England trauert um Ikone Bobby Charlton

Englands Fußball trauert um eine seiner größten Legenden. Das frühere Manchester-United-Idol Bobby Charlton starb mit 86 Jahren. Das gab sein langjähriger Club am Samstag bekannt. Mit dem Nationalteam wurde der Offensivmann 1966 im eigenen Land Weltmeister.

In 106 Länderspielen erzielte Charlton 49 Tore. Mit seinen „Red Devils“ gewann er 1968 den Meistercup und dreimal den Ligatitel. In 758 Spielen für den Club gelangen ihm 249 Tore. In Manchester war er einer der Schlüsselspieler der „Busby Babes“, der legendären United-Mannschaft von Coach Matt Busby, die zahlreiche Titel gewann.

Nach seiner aktiven Karriere war Charlton noch 39 Jahre lang als Funktionär bei United tätig. Laut einer Stellungnahme sei er im Kreis seiner Familie verstorben. Charlton erkrankte 2020 an Demenz, er hinterlässt Ehefrau Norma, zwei Töchter und mehrere Enkelkinder.

Die Familie drückte „allen, die zu seiner Pflege beigetragen haben und den vielen Menschen, die ihn geliebt und unterstützt haben“, ihre Dankbarkeit aus. „Darüber hinaus bitten wir, dass die Privatsphäre der Familie zu diesem Zeitpunkt gewahrt wird.“ Im Nachruf auf der Website des Clubs hieß es unter anderem: „Sir Bobby wird immer als ein Gigant des Spiels in Erinnerung bleiben.“

Bobby Charlton in Aktion bei der WM 1966
AP
Sir Bobby Charlton war einer der Schlüsselspieler beim WM-Titel im eigenen Land

„Ein wahrlich wunderbarer Fußballer und liebenswerter Mann“, schrieb die englische Legende Gary Lineker via Twitter (X) über ihn. „Er mag nicht mehr unter uns sein, aber er wird fußballerische Unsterblichkeit haben.“ Auch sein früherer Club würdigte Charlton. „Sir Bobby war ein Held für Millionen, nicht nur in Manchester oder im Vereinigten Königreich, sondern überall dort, wo Fußball auf der Welt gespielt wird“, schrieb Manchester United. „Er wurde genauso sehr für seinen Sportsgeist und seine Integrität bewundert wie für seine herausragenden Fähigkeiten als Fußballer.
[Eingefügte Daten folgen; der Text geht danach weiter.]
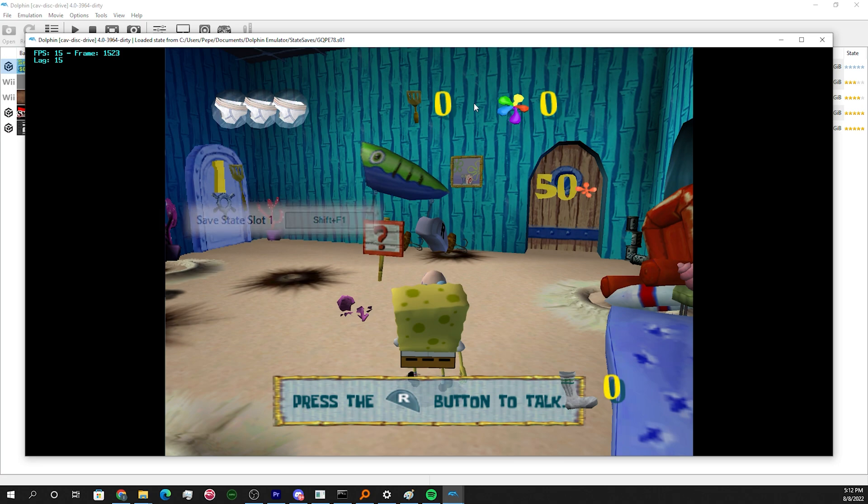Slot 1 is going to be our first save. Do not, do not overwrite this.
Sir Bobby wird immer als einer der ganz Großen des Fußballs in Erinnerung bleiben.“

Charltons Karriere begann 1956, als er von United entdeckt wurde. Das Team wurde damals vom legendären Busby trainiert. „Das Beste, was ich je gemacht habe, war bei diesem Club zu unterschreiben“, sagte Charlton in einer BBC-Dokumentation zu seinem 80. Geburtstag.
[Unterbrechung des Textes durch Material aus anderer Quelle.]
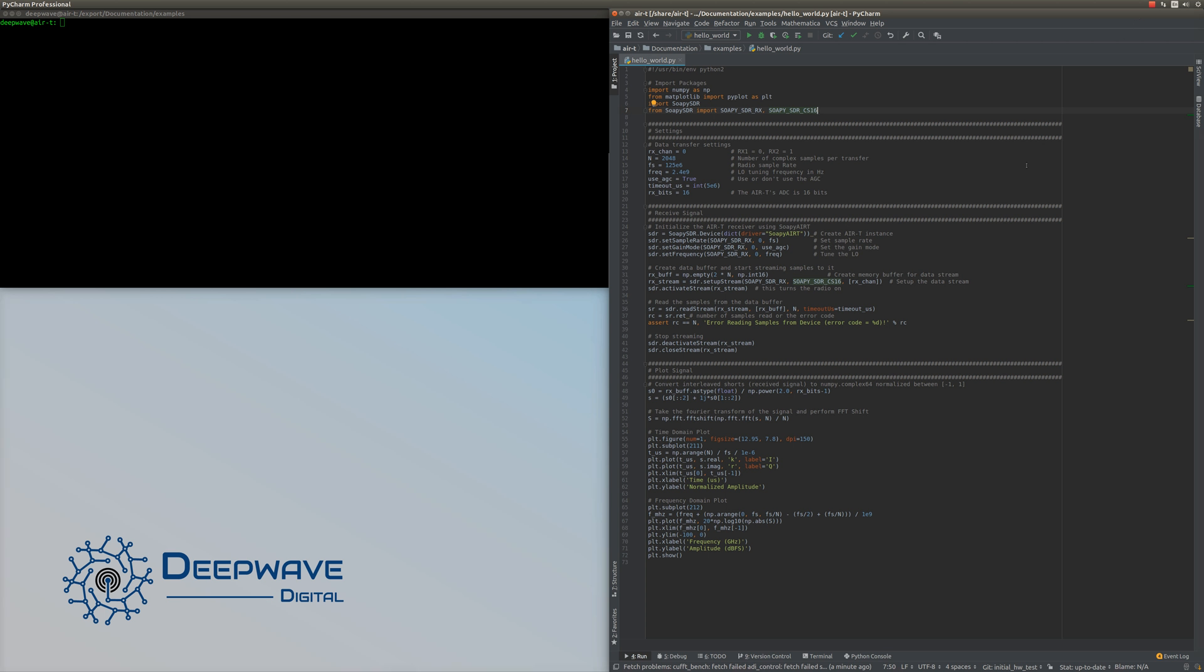Hi everybody, this is John Ferguson from DeepWave Digital. Today I'm going to walk you through our Hello World script for getting started with the AirT.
Von Flugzeugkatastrophe geprägt

Früh in seiner Karriere erlebte der junge Charlton mit dem Club seine schlimmsten Stunden. Im Februar 1958 war United auf dem Heimweg von einem Europapokal-Spiel in Belgrad. Nach einer Zwischenlandung in München hatte die Maschine bei schlechtem Wetter Startprobleme. „Wir sind gar nicht erst abgehoben“, erinnerte sich Charlton Jahrzehnte später. „Wir sind in ein Haus gekracht und ich glaube in ein paar andere Hindernisse. Es war einfach ein Alptraum.“

23 Menschen kamen bei dem Unglück ums Leben, Charlton war einer von 21 Überlebenden. „Ich hatte einfach Glück, dass ich auf dem richtigen Platz saß“, sagte er später. Irgendwie musste es mit United auch nach dem Unglück weitergehen. „Wir mussten uns besonders anstrengen“, sagte der frühere Mittelfeldspieler. Das sollte sich lohnen.

WM-Titel und Europacup-Triumph

Mitte der 1960er begannen die besten Jahre für Charlton. 1965 gewann er mit dem Club die englische Meisterschaft. Ein Jahr später feierte er den größten Erfolg seiner Karriere, als er im Wembley-Stadion vor den Augen von Königin Elizabeth II. mit dem 4:2 gegen Deutschland den bisher einzigen Weltmeistertitel der „Three Lions“ holte. „Es war das Paradies, einfach nur das Paradies“, so Charlton.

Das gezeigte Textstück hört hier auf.